Set the records down again exactly, apart from any pictures in them.

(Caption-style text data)
::::
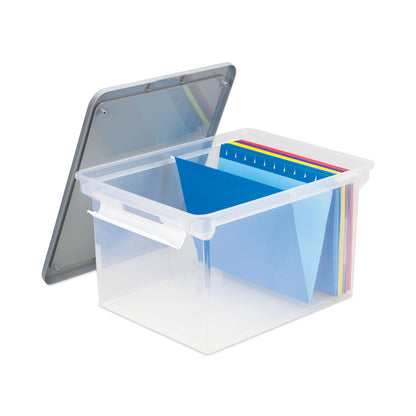 storex-portable-file-tote-with-locking-handles-num-stx61530u01c_4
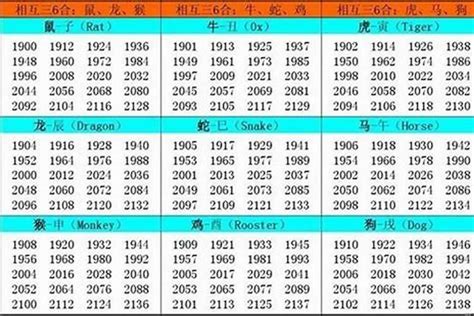 1982屬狗|1982年属什么 1982年属什么五行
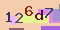 ???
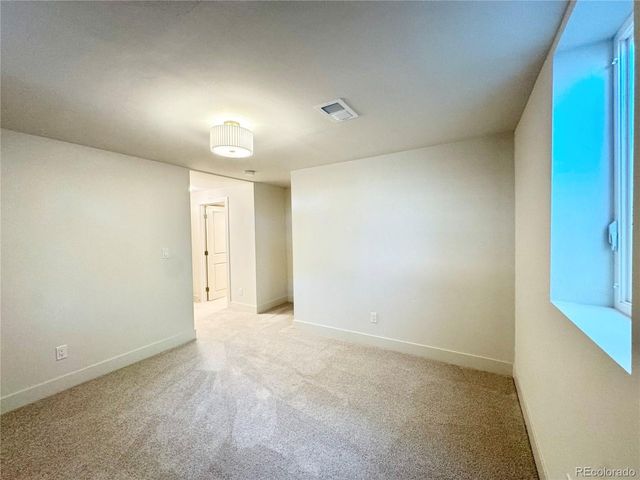 1540 S Forest St, Denver, CO 80222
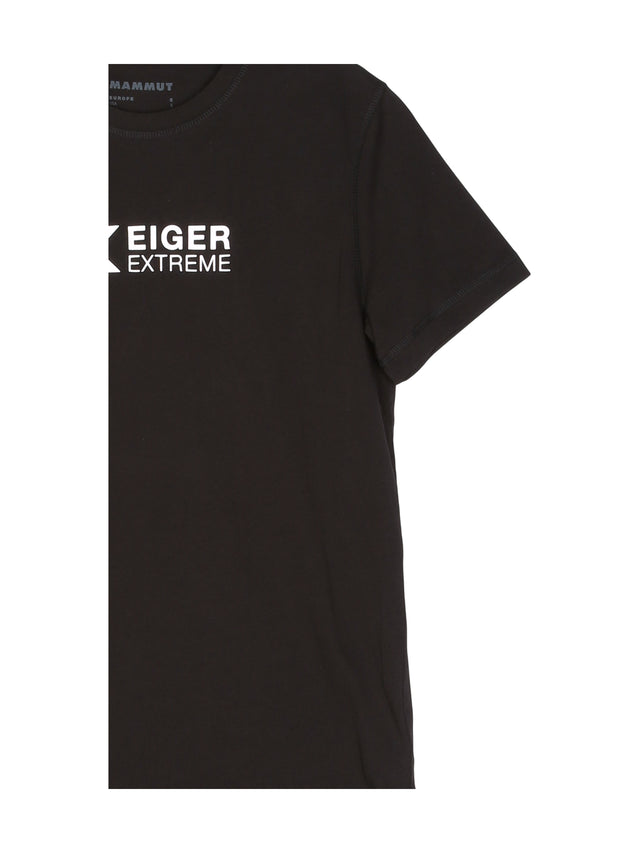 T-Shirt für Damen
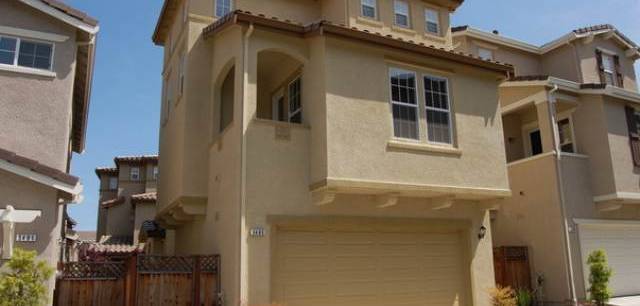 5405 Bunker Ct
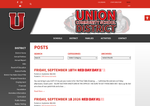 Check dated 2026-09-19T18:37:44.000Z thumbnail image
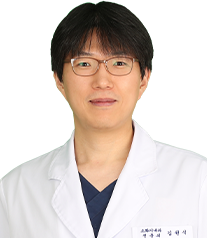 김원식 프로필 사진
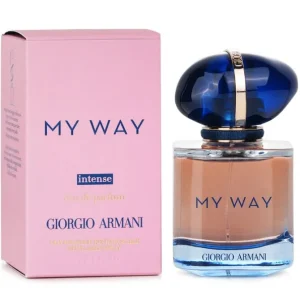 My Way Intense Eau De Parfum Spray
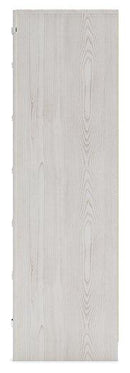 Altyra Chest of Drawers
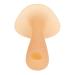 Nano Silver Baby Toddler Teether - Silicone Candy Shape Teething Toy for 6-12 Months - Buy Online on GoSupps.com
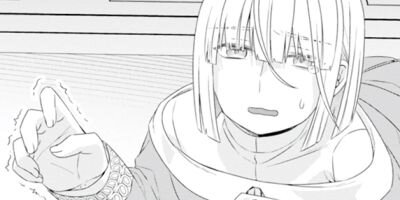 ���ǥ���ɤ���չԤ����顢����ܤϲ��Τ�������롼�ȤǤ��������Ĥ����ϲ��Ҥؤ�����������ʤ��ʤΤ�Ů�������ˡ��ʥ��ߥå��� 18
::::
◆ Expected answer
 storex-portable-file-tote-with-locking-handles-num-stx61530u01c_4
 1982屬狗|1982年属什么 1982年属什么五行
 ???
 1540 S Forest St, Denver, CO 80222
 T-Shirt für Damen
 5405 Bunker Ct
 Check dated 2026-09-19T18:37:44.000Z thumbnail image
 김원식 프로필 사진
 My Way Intense Eau De Parfum Spray
 Altyra Chest of Drawers
 Nano Silver Baby Toddler Teether - Silicone Candy Shape Teething Toy for 6-12 Months - Buy Online on GoSupps.com
 ���ǥ���ɤ���չԤ����顢����ܤϲ��Τ�������롼�ȤǤ��������Ĥ����ϲ��Ҥؤ�����������ʤ��ʤΤ�Ů�������ˡ��ʥ��ߥå��� 18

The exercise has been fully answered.